PROBLEM DESCRIPTION:
Below are the records; copy exactly the stretch from the line containing "Ayda Field and mum Loose Women" through the line containing "small foot Rocking horse with railing", both ends included, and nothing else.

INFORMATION SHOWN:

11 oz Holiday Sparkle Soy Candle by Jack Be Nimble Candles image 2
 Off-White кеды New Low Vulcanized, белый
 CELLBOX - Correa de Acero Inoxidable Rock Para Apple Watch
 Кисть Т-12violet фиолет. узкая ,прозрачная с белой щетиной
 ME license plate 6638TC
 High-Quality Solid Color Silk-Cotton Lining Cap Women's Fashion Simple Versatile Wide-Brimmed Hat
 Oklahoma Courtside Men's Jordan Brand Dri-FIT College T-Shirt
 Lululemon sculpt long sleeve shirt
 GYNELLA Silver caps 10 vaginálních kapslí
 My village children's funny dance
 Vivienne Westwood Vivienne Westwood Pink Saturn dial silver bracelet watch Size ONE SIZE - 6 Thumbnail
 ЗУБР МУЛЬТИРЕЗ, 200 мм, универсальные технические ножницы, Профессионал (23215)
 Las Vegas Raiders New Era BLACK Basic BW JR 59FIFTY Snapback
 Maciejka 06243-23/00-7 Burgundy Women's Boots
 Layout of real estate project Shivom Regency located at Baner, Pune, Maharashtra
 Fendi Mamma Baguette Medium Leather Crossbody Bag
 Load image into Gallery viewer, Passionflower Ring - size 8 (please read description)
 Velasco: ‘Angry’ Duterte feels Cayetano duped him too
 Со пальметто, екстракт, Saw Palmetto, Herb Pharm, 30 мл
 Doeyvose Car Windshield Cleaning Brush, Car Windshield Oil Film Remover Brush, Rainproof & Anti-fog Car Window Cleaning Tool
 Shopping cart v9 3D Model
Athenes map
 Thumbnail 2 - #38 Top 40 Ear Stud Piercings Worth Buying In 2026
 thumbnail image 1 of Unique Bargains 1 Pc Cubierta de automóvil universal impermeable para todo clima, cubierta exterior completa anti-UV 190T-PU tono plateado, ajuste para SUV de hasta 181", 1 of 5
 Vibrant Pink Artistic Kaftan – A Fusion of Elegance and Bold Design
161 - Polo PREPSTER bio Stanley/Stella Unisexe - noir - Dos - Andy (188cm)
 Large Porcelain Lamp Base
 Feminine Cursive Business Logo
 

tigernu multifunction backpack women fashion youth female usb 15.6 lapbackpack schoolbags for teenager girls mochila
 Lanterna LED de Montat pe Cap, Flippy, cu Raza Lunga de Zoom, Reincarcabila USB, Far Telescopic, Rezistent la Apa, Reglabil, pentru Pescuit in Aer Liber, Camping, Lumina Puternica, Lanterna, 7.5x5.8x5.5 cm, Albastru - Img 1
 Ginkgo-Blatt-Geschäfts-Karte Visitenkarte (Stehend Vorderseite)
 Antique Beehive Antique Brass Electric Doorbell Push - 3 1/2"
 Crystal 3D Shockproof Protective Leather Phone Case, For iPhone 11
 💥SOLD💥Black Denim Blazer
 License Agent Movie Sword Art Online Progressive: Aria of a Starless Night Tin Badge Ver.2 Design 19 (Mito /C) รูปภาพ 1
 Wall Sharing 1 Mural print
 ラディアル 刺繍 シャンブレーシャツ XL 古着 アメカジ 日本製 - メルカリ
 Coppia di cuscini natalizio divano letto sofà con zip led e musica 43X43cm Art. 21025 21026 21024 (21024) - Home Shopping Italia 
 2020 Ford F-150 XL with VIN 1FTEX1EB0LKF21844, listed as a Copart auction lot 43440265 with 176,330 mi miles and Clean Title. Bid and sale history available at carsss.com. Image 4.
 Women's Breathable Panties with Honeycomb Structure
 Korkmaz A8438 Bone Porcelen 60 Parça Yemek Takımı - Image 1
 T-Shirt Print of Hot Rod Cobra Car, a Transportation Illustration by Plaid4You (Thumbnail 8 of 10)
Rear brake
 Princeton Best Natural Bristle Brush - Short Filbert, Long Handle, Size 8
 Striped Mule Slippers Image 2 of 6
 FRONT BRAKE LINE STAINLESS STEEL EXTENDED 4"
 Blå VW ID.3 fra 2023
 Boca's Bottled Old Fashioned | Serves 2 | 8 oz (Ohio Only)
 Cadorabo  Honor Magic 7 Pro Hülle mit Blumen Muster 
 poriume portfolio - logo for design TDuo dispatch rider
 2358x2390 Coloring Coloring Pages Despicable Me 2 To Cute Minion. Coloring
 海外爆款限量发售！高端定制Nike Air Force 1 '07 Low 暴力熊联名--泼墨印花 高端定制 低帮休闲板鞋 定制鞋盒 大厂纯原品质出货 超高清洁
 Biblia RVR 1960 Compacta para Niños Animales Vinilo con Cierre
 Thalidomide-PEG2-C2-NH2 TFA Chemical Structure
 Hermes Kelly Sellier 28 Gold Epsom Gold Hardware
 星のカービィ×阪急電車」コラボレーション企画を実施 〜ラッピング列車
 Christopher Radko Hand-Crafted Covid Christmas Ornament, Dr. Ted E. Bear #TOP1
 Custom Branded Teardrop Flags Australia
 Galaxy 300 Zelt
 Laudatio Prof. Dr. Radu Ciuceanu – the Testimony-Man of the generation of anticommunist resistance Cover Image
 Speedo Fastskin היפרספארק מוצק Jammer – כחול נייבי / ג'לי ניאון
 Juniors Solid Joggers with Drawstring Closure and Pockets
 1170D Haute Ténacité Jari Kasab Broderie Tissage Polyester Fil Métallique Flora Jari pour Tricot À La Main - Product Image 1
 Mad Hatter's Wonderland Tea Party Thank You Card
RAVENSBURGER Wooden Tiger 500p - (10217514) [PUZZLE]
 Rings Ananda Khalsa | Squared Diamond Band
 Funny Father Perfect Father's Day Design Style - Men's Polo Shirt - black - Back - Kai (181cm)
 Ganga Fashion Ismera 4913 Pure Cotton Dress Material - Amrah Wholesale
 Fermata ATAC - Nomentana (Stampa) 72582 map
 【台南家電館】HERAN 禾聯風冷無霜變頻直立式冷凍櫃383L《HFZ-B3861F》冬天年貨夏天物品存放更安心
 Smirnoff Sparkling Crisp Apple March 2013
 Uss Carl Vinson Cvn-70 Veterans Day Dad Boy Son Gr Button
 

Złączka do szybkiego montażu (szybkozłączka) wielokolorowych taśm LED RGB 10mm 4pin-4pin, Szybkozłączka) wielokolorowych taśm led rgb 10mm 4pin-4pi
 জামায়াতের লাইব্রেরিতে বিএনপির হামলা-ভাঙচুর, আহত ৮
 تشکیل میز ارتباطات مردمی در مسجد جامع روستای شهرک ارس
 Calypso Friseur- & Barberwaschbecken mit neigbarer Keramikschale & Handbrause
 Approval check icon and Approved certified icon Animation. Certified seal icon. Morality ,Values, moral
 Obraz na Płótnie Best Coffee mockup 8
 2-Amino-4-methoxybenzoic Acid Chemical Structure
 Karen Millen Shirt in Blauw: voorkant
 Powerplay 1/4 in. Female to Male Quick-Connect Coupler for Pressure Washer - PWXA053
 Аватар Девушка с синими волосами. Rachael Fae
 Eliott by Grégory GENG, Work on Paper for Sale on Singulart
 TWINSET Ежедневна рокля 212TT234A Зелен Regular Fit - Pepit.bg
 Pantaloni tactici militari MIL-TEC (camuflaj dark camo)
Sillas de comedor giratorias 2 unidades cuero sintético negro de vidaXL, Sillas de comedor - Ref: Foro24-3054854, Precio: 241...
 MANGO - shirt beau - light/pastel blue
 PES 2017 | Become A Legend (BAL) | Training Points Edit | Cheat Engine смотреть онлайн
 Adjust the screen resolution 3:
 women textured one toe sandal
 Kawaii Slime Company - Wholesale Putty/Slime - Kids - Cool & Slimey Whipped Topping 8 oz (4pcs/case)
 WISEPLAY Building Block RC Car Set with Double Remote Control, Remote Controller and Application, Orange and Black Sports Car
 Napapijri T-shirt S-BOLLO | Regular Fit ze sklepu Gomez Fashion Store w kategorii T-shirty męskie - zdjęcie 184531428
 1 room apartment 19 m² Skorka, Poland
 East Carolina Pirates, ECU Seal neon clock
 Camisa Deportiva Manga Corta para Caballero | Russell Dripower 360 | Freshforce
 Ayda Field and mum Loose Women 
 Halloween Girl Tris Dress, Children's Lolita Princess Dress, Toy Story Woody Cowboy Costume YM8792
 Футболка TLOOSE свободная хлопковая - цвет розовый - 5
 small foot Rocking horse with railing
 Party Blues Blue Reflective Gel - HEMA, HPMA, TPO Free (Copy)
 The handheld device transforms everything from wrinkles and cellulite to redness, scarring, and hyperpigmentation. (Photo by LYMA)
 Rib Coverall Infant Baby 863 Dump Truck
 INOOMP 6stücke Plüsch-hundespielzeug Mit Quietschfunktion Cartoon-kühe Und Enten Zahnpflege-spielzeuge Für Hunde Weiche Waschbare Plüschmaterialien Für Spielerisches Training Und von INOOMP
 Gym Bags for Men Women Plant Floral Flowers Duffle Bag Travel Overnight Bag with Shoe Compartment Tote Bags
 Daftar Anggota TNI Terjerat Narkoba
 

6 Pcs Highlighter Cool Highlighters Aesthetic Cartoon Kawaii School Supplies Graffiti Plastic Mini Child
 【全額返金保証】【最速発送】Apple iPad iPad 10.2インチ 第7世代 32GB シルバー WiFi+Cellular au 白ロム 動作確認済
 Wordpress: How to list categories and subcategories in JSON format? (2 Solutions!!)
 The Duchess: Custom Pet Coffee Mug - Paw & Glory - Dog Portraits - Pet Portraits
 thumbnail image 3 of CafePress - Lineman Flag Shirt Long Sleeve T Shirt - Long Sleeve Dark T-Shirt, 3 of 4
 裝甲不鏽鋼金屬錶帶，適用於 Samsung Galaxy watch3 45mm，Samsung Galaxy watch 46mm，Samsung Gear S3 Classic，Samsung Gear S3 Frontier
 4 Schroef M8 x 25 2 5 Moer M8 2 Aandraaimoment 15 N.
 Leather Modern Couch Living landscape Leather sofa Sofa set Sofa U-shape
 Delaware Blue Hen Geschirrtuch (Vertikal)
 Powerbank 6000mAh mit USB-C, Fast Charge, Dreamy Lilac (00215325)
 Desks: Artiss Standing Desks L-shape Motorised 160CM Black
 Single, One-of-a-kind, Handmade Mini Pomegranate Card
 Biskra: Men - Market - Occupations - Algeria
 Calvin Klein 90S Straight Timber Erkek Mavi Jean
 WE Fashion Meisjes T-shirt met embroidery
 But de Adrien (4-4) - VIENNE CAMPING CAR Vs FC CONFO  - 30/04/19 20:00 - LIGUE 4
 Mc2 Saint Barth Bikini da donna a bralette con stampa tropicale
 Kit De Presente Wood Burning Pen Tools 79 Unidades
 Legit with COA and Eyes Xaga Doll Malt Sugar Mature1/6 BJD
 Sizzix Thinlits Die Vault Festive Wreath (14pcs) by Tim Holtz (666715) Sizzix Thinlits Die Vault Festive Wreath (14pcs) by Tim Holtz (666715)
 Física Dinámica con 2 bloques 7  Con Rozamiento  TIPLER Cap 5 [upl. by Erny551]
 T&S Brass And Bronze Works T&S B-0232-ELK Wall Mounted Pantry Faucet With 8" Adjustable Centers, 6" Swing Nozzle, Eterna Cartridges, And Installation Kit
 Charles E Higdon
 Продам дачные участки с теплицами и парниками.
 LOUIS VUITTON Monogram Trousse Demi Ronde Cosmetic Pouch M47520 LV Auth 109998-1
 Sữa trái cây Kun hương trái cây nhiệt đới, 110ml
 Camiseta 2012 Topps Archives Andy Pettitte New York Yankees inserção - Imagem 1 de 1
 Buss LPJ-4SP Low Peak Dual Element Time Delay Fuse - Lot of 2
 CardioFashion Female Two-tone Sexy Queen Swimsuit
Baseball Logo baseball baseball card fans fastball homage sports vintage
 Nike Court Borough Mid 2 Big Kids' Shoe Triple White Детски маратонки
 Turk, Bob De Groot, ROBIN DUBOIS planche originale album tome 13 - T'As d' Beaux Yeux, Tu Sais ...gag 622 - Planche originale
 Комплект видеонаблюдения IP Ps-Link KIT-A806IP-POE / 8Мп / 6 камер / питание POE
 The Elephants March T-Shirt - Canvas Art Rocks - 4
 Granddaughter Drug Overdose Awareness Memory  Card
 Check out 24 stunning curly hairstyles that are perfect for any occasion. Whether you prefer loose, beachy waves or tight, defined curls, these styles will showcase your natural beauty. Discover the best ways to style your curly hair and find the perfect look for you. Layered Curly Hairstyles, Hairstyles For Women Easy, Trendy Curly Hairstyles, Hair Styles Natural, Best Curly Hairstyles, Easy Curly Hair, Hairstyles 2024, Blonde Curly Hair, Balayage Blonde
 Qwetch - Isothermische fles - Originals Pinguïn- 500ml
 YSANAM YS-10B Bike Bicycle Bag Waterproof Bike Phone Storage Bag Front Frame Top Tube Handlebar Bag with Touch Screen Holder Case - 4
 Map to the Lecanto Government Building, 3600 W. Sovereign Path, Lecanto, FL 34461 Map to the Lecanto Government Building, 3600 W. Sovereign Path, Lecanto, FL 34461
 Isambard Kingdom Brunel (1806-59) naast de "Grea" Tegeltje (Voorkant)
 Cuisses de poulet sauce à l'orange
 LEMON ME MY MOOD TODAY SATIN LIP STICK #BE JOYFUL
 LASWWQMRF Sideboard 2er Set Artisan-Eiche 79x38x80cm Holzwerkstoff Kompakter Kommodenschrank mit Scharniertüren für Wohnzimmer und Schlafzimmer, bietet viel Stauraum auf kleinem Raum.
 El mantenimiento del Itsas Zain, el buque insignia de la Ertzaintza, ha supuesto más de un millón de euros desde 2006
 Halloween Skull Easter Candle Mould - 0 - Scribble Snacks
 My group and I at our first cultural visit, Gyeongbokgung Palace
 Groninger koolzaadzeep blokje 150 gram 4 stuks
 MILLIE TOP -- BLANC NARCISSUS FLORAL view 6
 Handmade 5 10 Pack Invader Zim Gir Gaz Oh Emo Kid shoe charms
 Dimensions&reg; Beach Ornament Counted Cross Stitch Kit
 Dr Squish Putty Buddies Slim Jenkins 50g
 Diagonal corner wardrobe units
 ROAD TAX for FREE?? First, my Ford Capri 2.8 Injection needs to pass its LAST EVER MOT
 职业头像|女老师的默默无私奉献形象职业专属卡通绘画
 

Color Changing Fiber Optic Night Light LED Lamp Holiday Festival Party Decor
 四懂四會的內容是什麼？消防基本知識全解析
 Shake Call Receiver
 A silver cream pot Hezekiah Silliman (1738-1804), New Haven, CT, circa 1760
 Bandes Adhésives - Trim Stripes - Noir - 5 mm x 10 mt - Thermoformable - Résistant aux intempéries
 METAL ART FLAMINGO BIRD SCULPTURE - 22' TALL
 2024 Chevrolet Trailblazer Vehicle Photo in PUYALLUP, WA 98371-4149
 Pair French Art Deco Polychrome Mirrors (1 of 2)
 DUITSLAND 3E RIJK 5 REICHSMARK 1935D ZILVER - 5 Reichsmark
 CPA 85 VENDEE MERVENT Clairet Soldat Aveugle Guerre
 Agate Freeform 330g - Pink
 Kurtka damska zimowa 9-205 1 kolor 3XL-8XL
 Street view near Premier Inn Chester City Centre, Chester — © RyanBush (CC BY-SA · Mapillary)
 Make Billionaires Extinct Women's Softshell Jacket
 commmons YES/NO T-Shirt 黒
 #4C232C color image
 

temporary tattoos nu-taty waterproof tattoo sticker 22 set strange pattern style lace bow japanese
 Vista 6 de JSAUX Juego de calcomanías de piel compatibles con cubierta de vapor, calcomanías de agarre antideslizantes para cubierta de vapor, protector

EXERCISE SOLUTION:
 Ayda Field and mum Loose Women 
 Halloween Girl Tris Dress, Children's Lolita Princess Dress, Toy Story Woody Cowboy Costume YM8792
 Футболка TLOOSE свободная хлопковая - цвет розовый - 5
 small foot Rocking horse with railing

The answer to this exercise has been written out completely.